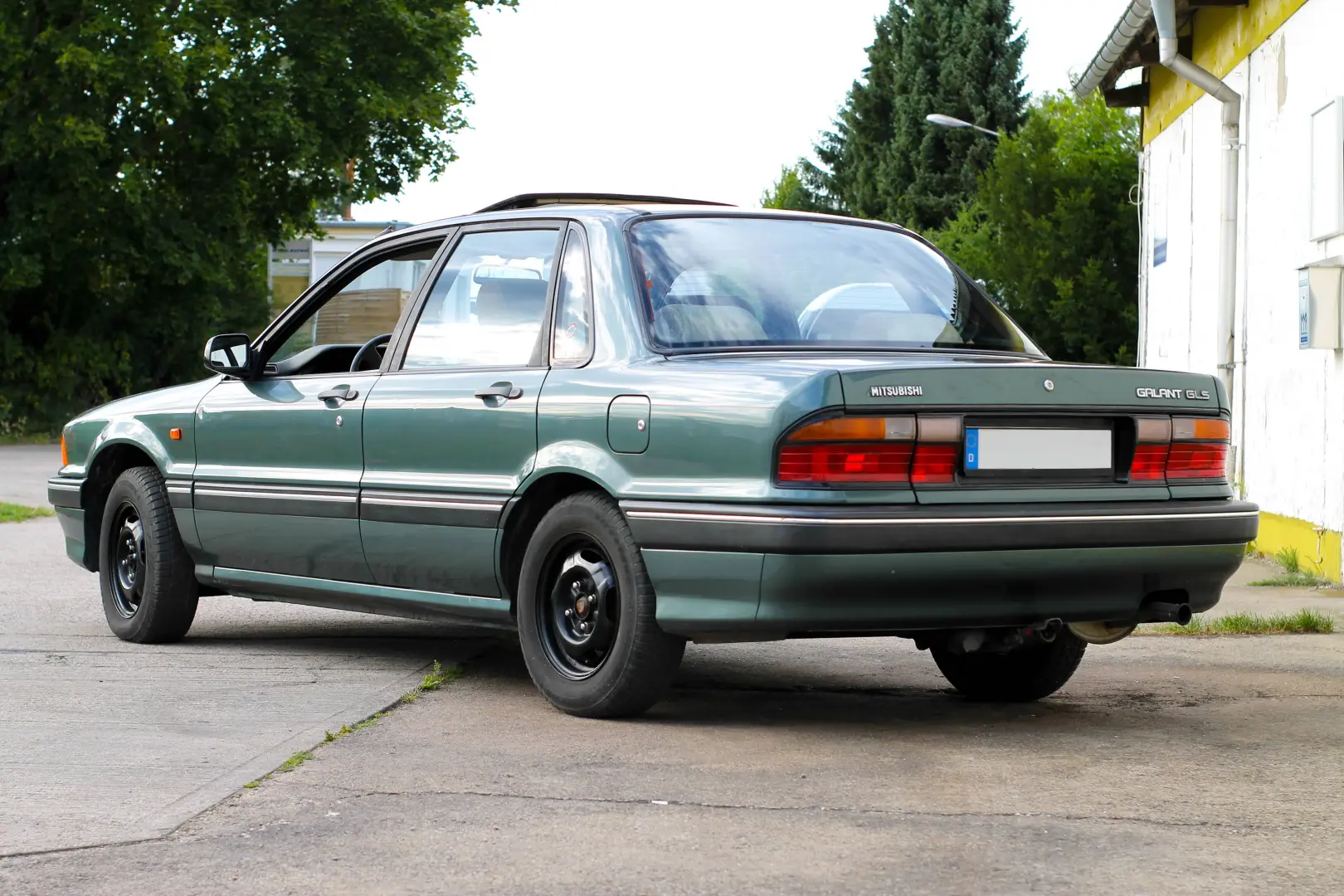 Mitsubishi Galant Galant 2000i GLS 3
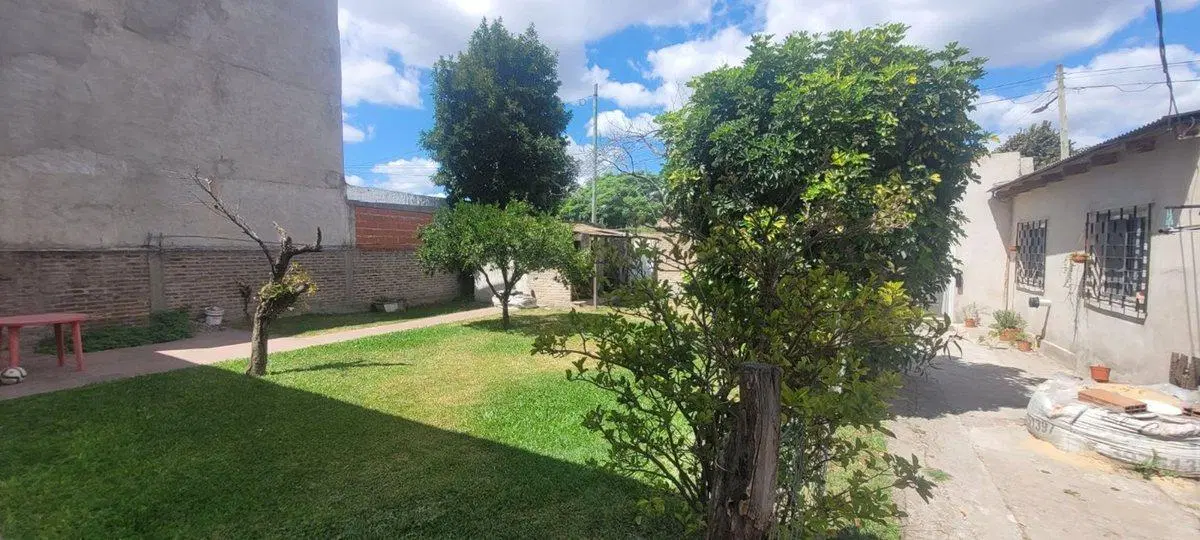 CASA 5 AMB. + Depto. 3 Amb. FONDO LOTE 718 METROS 2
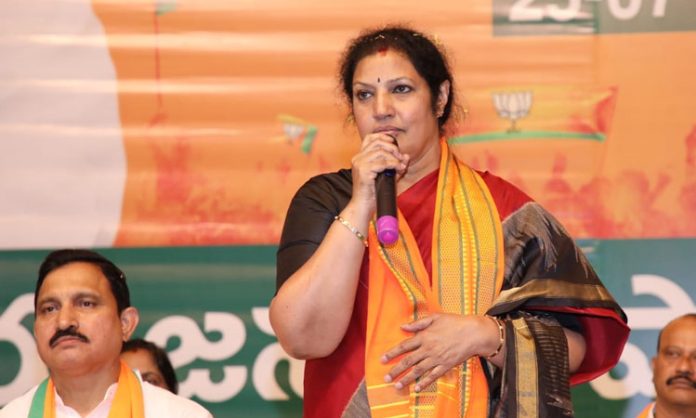 Purandeswari Leads Protest for Sarpanches Support on August 10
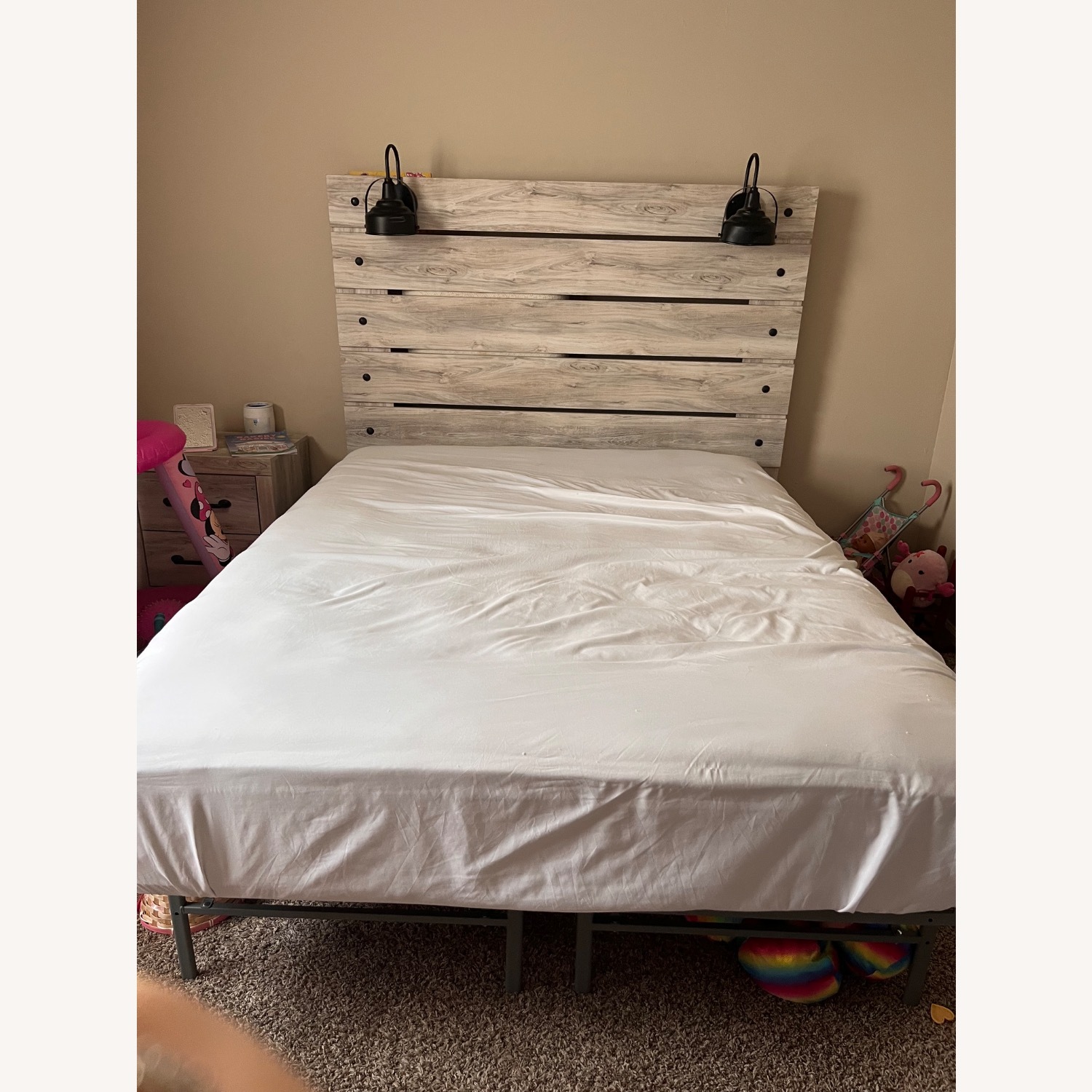 Ashley Bed - image-1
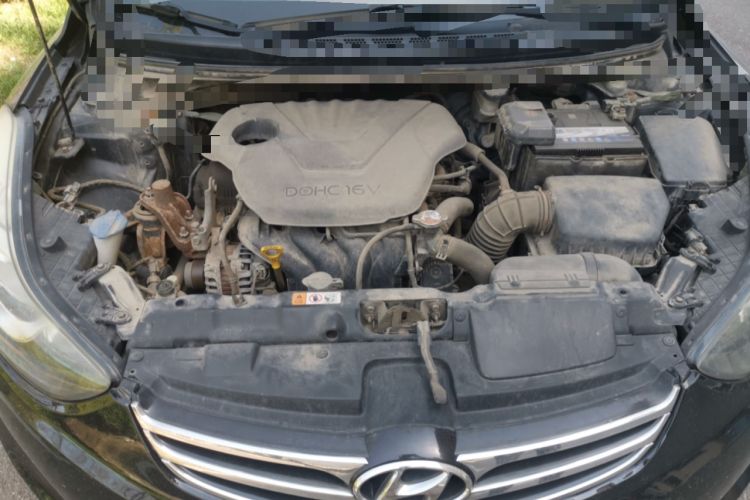 Used Hyundai Elantra (5th Generation / Langdong) 2012 1.6L Manual Leading Model Engine Bay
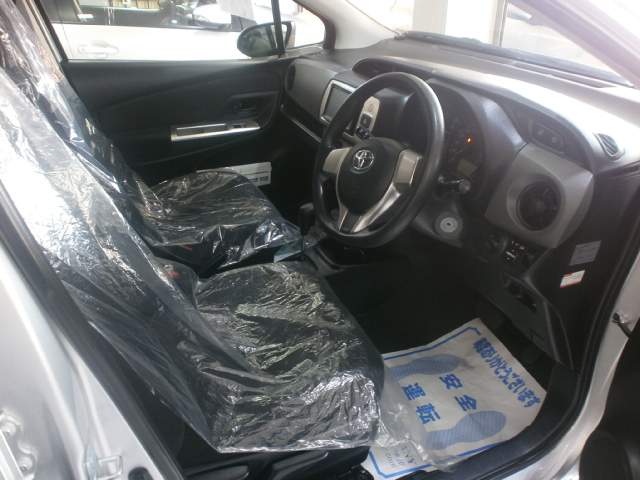 Toyota vitz  - 1 - Family Cars  on Aster Vender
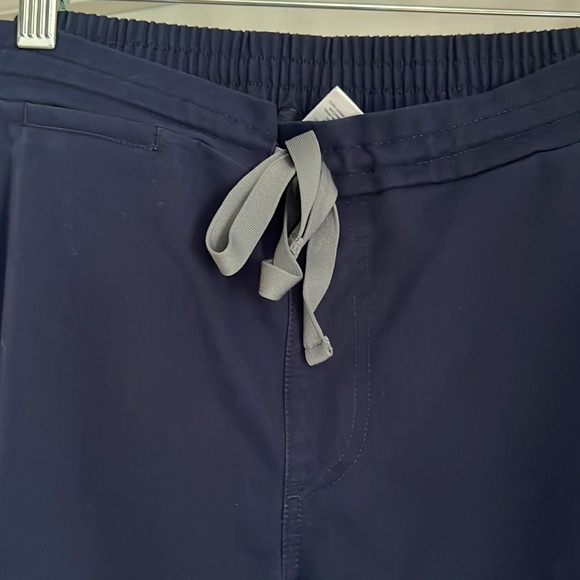 Figs Navy Yola™ - Skinny Scrub
Pants 2.0
S - Navy - Picture 4 of 6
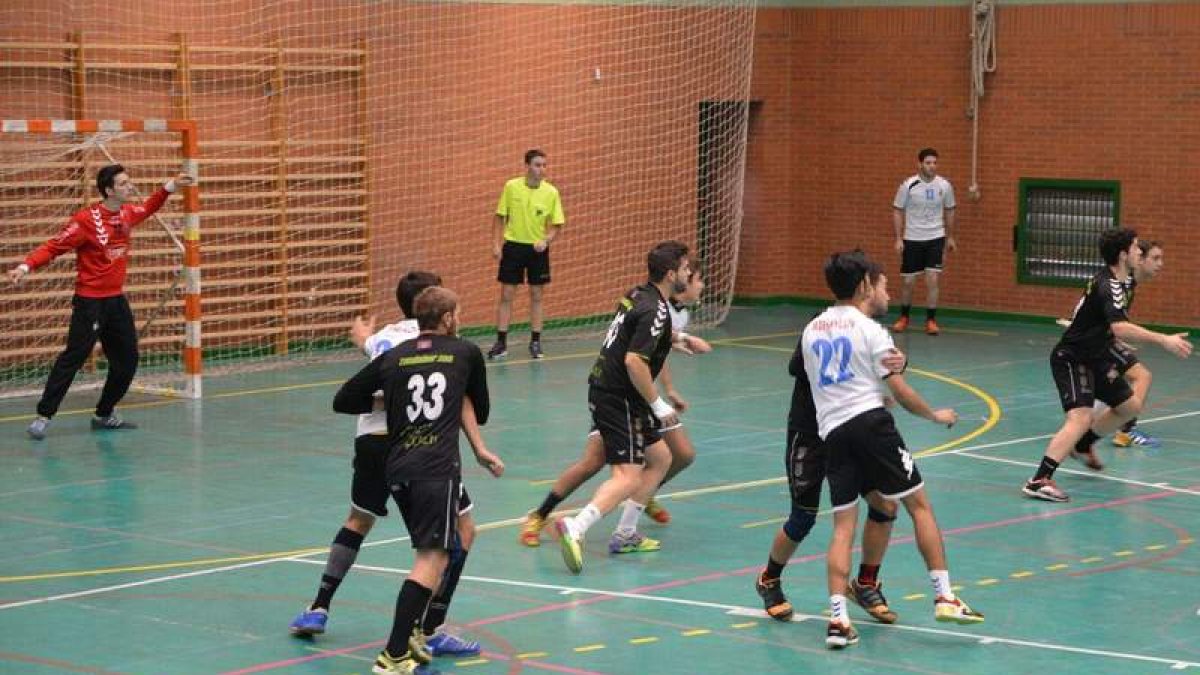 El Cuatro Valles en su partido ante el Valladolid. DL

◇ ◇ ◇

> [Directions for this task] Please retype, exactly as they appear, the lines from the one with "Purandeswari Leads Protest" through the final line of the material, both included, and drop any pictures.

> [Your solution]
 Purandeswari Leads Protest for Sarpanches Support on August 10
 Ashley Bed - image-1
 Used Hyundai Elantra (5th Generation / Langdong) 2012 1.6L Manual Leading Model Engine Bay
 Toyota vitz  - 1 - Family Cars  on Aster Vender
 Figs Navy Yola™ - Skinny Scrub
Pants 2.0
S - Navy - Picture 4 of 6
 El Cuatro Valles en su partido ante el Valladolid. DL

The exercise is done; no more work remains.